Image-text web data
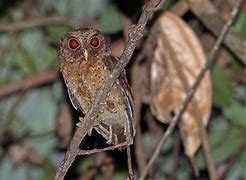 Burung Hantu Nama Latin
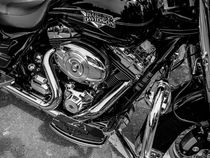 Harley Chrome von David Halperin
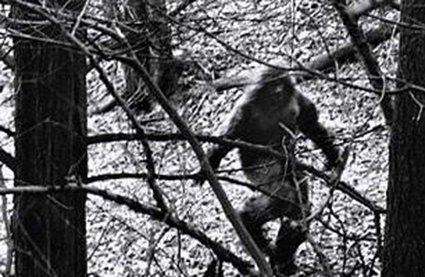 未解之谜:世上真有美人鱼吗?世上真有美人鱼吗?一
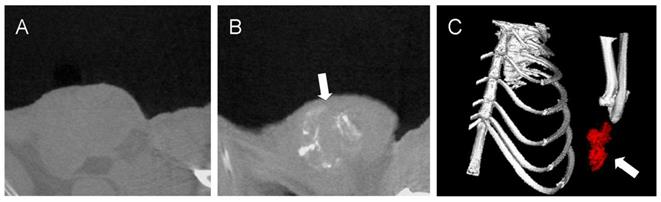 Theranostics Image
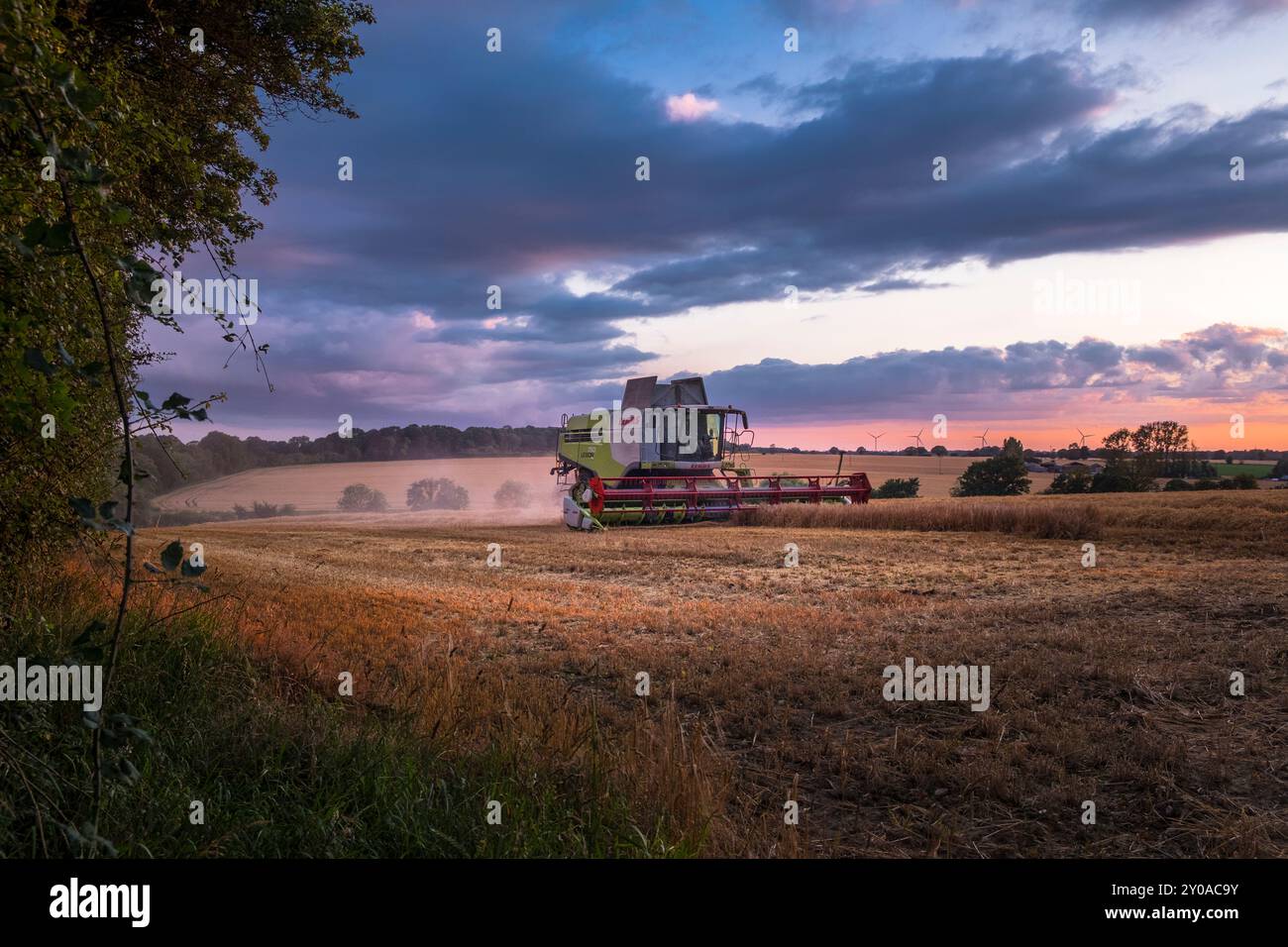 Mietitrebbia per la raccolta di orzo la sera al crepuscolo. Hoxne, Suffolk, East Anglia, Regno Unito. Foto Stock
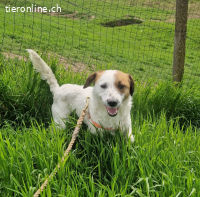 Tilly – junge, aktive Hündin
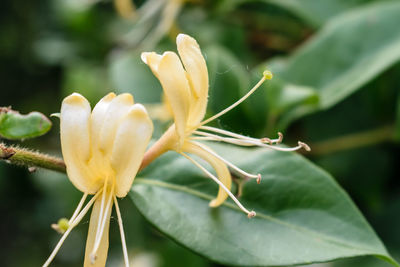 Close-up of flower growing outdoors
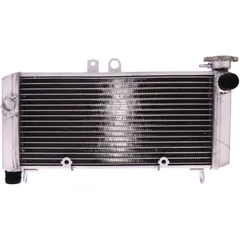 Radiator JMP for: Honda CBF 7760268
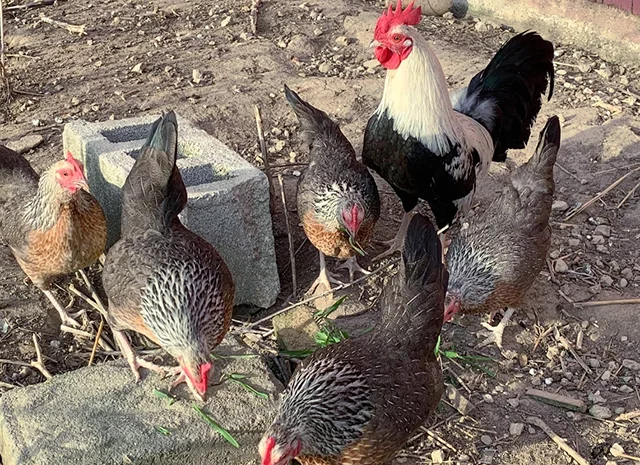 Інкубаційне яйце. Курчата- фото № 2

- Work order -
If pictures appear in the data, omit them and copy all other parts exactly.

- Solution below -
 Burung Hantu Nama Latin
 Harley Chrome von David Halperin
 未解之谜:世上真有美人鱼吗?世上真有美人鱼吗?一
 Theranostics Image
 Mietitrebbia per la raccolta di orzo la sera al crepuscolo. Hoxne, Suffolk, East Anglia, Regno Unito. Foto Stock
 Tilly – junge, aktive Hündin
 Close-up of flower growing outdoors
 Radiator JMP for: Honda CBF 7760268
 Інкубаційне яйце. Курчата- фото № 2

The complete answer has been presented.